The following list may not be exhaustive, though I think it’s a pretty good start. In general, each item is given in a rough order of priority, those things that I consider most important listed first – but it is critical to understand that what is “important” can vary greatly depending on context. For example you will see that I normally prize readability ahead of performance, but if your profiling reveals that one function is dropping your frame rate from 60Hz to 10Hz, you have no choice but to optimise it, even at the expense of readability.
Good code is…
…correct. It is amazing how often programmers will miss this one when discussing good code. Games programmers, in particular, have an unnerving tendency to mention “fast” as the first thing they think of when talking on this subject. This is a nonsense. The code must do what it is intended to do, correctly, or else it cannot possibly be good.
There is an important implication here.
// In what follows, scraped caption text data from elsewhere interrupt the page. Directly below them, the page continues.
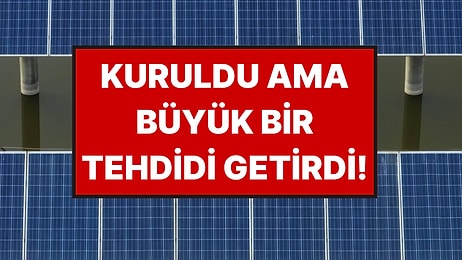 Kurulan Güneş Panelleri Büyük Bir Tehdidi Beraberinde Getirdi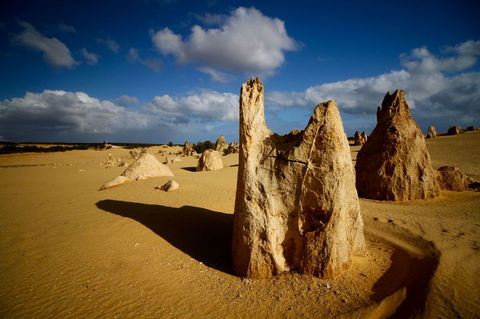 Pinnacles Desert, Koalas And Sandboarding 4WD Day Tour From Perth - Accommodation Gladstone 6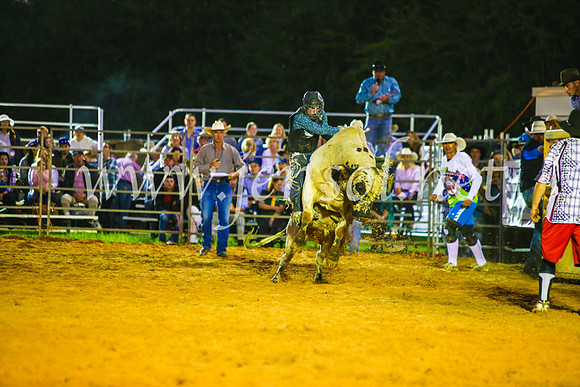CamdenShowRodeo2017_0305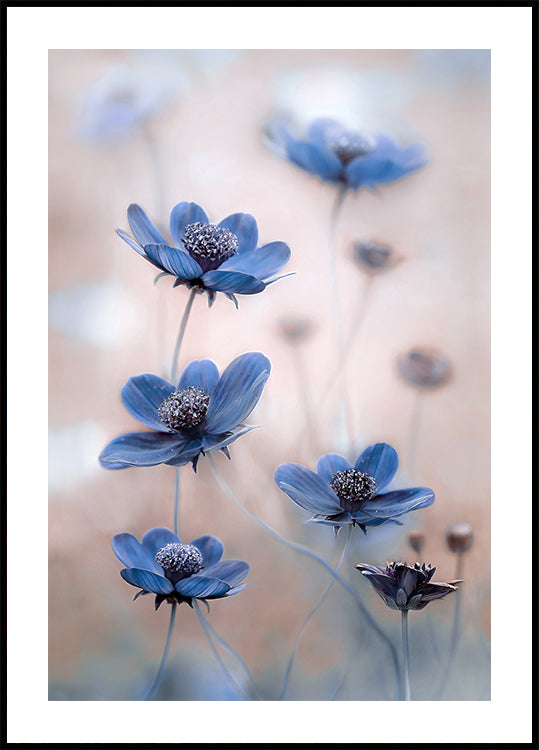 Kosmosblau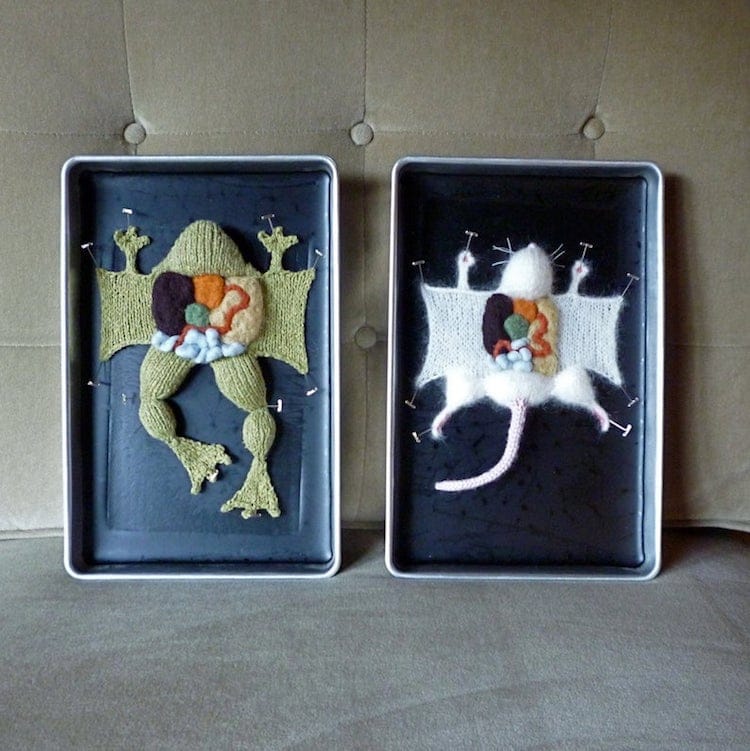 Knitted Animal Anatomy Kits by Emily Stoneking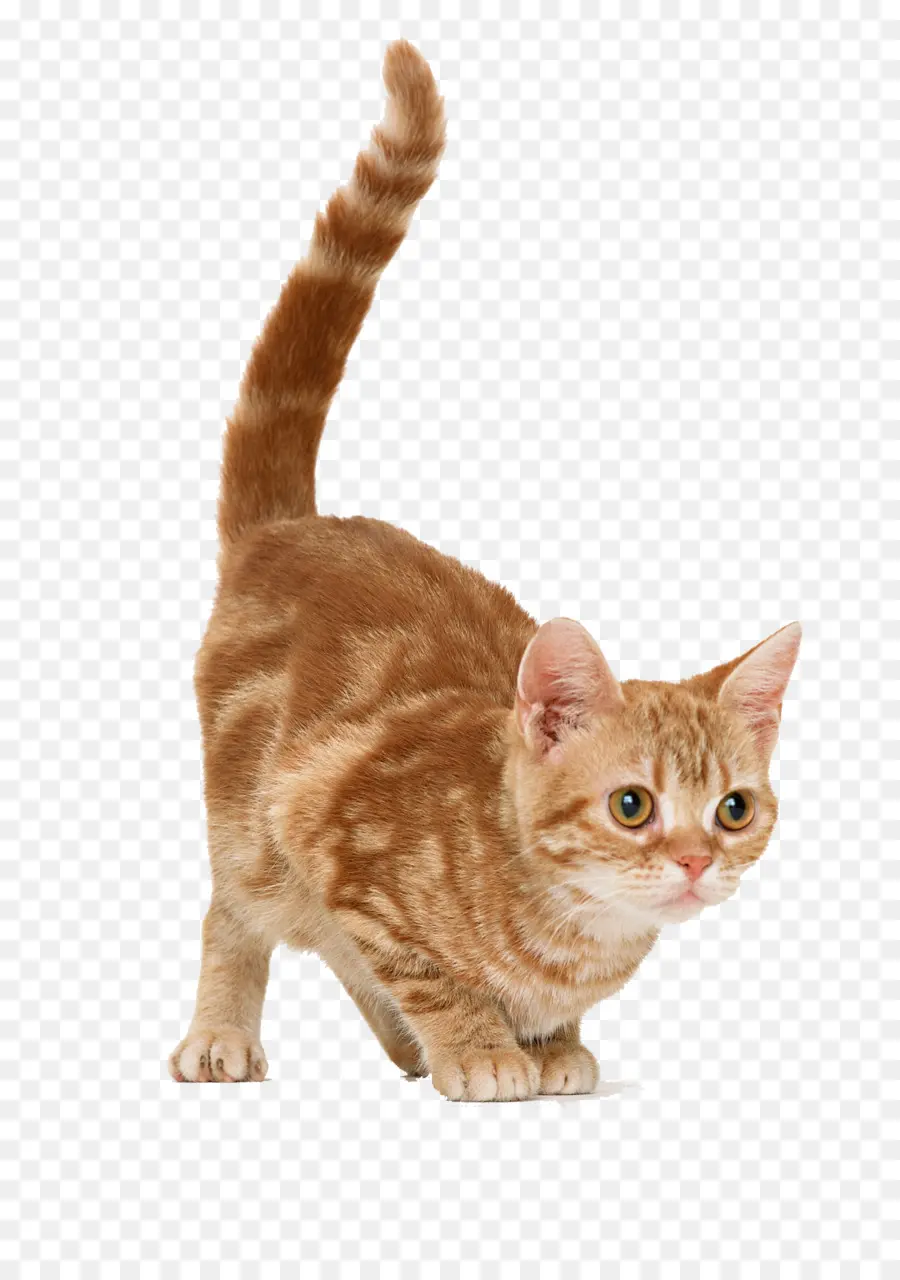 Chat，Animal De Compagnie PNG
Firstly, the phrase what it is intended to do implies that good code begins with requirements, specification and design – all before a single line of code is written! Exactly how you generate the code design is itself a subject worthy of lengthy discussion, but outside the scope of this article.
Consider: correct isn’t really enough. Provably correct is much, much better. More on this later.
…readable. How long does it take to type enough text to fill, say, a page-long function? Probably only a few minutes. Obviously there’s a significant amount of time invested in working out what to type, but it doesn’t take long. However you are certain to need to read it later – to review it before you commit it into source control, when QA find a bug, when you need to explain it to a colleague, when a colleague needs to understand what it does without you there to explain. Code must therefore be written to WORM – Write Once, Read Many, and I think this is the second most important requirement after correctness.
What contributes toward code being readable? There are many factors – judicious use of whitespace, sensible function and variable names, short functions, use of good patterns and avoidance of antipatterns – but probably the most critical factor is consistency. I don’t really care if you use three spaces or four to indent, but in the name of all that is holy don’t use three sometimes, four other times and five other times still! Style guides, automatic formatting, and tools like StyleCop are helpful in ensuring consistency across a team – but it’s probably more important to stay consistent within a file. So if you’re editing someone else’s code, be sure to match their style. If things are really bad, set aside time to refactor later; but otherwise, match what is already there.
…testable. This requirement is one that has been bubbling up my list of priorities over the years, such that I now consider it one of the most critical factors in “good code”. I have always believed in the adage that “if it’s not tested, it’s broken” – in other words, unless you know and have proved that the code is correct (responds correctly to good input and fails elegantly with bad input) there’s probably some corner case you’ve missed and it will come back to bite you. I used to assume that sufficient QA coverage would be enough. Not any more – code must (wherever humanly possible) be covered by automated unit and soak tests, which must be added to with every bug found and fixed. This is a lesson I have learned through bitter experience. The codebase I am currently working on is untested and bordering on untestable, and it is almost impossible to make changes (even fixes) without breaking something subtle – and there’s no way of catching that subtle breakage until it is too late (ie. the customer has been affected by it).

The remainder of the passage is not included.